長崎の鮮魚をフレンチで シェフに理解してもらう喜び 元実業家ワタナベさん自伝

「長崎にもいい店がある。まずは安いランチから出掛けてみて」と話すワタナベさん=長崎市内

 長崎市で全国の有名西洋料理店に水産物を加工販売する会社を創業するなどした同市の元実業家、ケン・ジェームス・ワタナベさん(72)=本名・渡辺顕一朗さん=が、自伝「情熱のフランス料理 アルチザンからアーティストへ!」(長崎文献社、1980円)を出版した。半生を振り返り、料理への愛情で結んだ有名シェフたちとの交流などをつづっている。

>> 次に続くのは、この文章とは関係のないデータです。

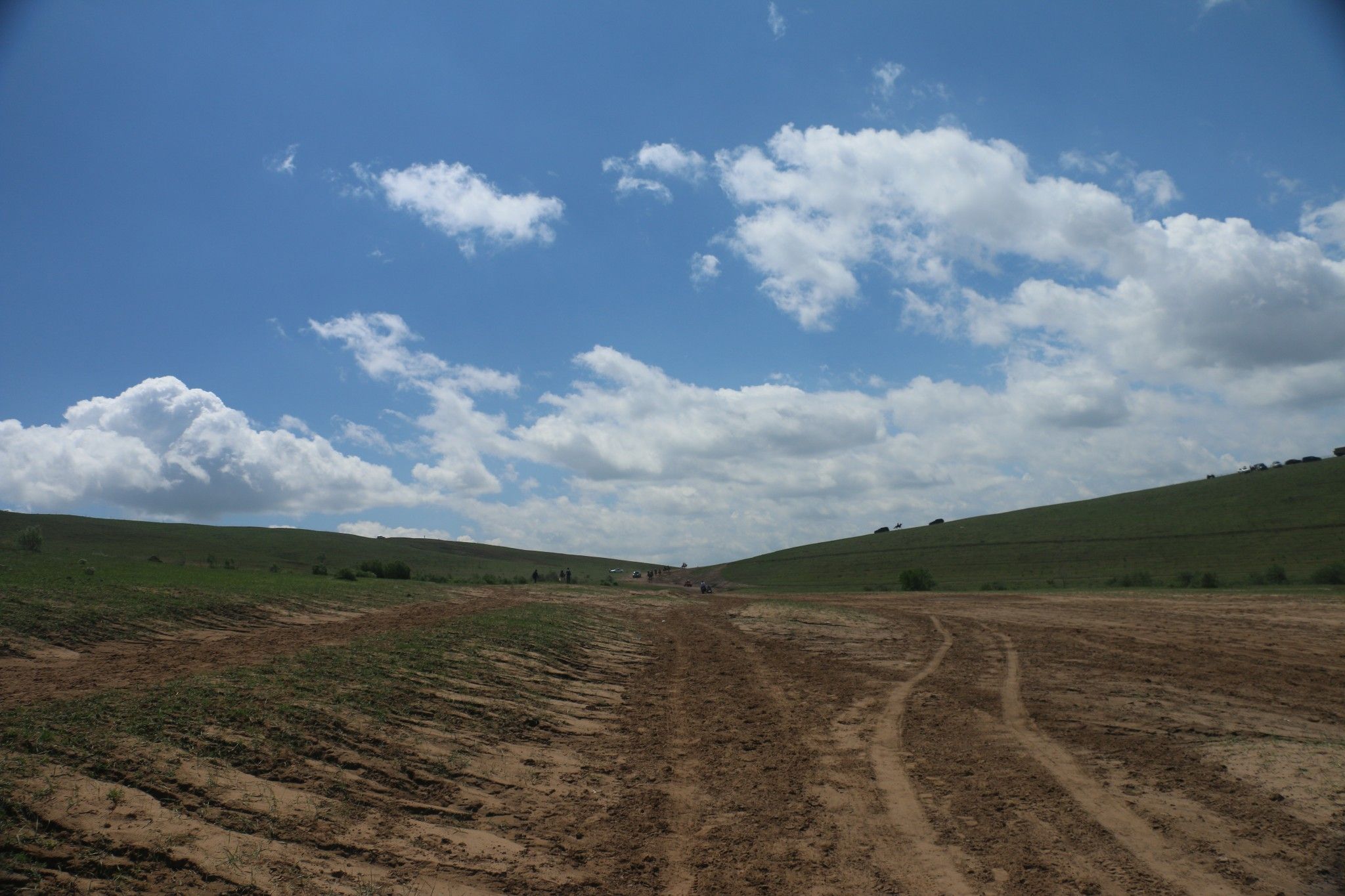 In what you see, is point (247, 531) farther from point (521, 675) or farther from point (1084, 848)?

 ワタナベさんは同市生まれ。高校卒業後に米国占領下の沖縄に渡り、外国人バーなどで演奏。1971年、23歳で長崎に戻り会社員に。77年、結婚したフランス人の妻を通じて、フランス料理界をけん引する一流シェフ、パトリック・テリアン氏と出会ったことが、人生の転機になった。
 来崎したテリアン氏が1週間自宅に滞在した際、毎日振る舞ってくれた手料理に感銘を受けた。「普段食べている魚が、フランスの味に変化する過程を目の当たりにし、まったく違う味わいをもたらすことに興味がわいた」(同著)
 長崎港で水揚げされる魚種を調べると、フランス料理に適する物が多いことが分かった。フレンチに長崎の魚をもっと使ってもらいたいという思いが募り、81年、西洋料理向け水産食材の卸会社「イメックス」を起業した。
 早朝に魚市で買い付けた鮮魚を加工して長崎空港から関東や関西のレストランへ送り、その日のディナーで使ってもらう。当時としては画期的な産地直送の物流システムを構築し、ピーク時は約300社と取り引きを結んだ。
 「料理が分からない人(業者)はシェフたちと対等に話ができない」と、フランス料理の哲学を独学。シェフが求めるもの、どんな料理が流行っているのかなどを、多い日には1日4食もレストランを食べ歩いて調査。難しい注文にも対応し、シェフたちの信頼を集めた。
 「長崎の魚は鮮度や魚種の豊富さなどシェフたちの評価が高い。『他にはないのか』とリクエストをもらって、使えそうな魚を市場で選んで納品して、の繰り返し。楽しかった」と振り返る。
 会社は順調に規模を拡大し、東京にも営業所を構えた。自身は2010年に同社を退き、11年に長崎市でレストランを開業。人気店となったが16年に交通事故に遭い休店、店は売却した。イメックスは18年にフランス食材輸入商社アルカンと統合した。
 同著では第1部でワタナベさんの活動を紹介し、第2部「フレンチ黎明(れいめい)期のシェフたち」では、親交のある有名シェフ9人の来歴や料理を掲載。ワタナベさんは「一人で仕事をしていたわけではない。仲間と協力しながらシェフたちに理解してもらう喜びがあった。この本をフランス料理に興味のある人、たずさわる料理人に読んでもらいたい」と話している。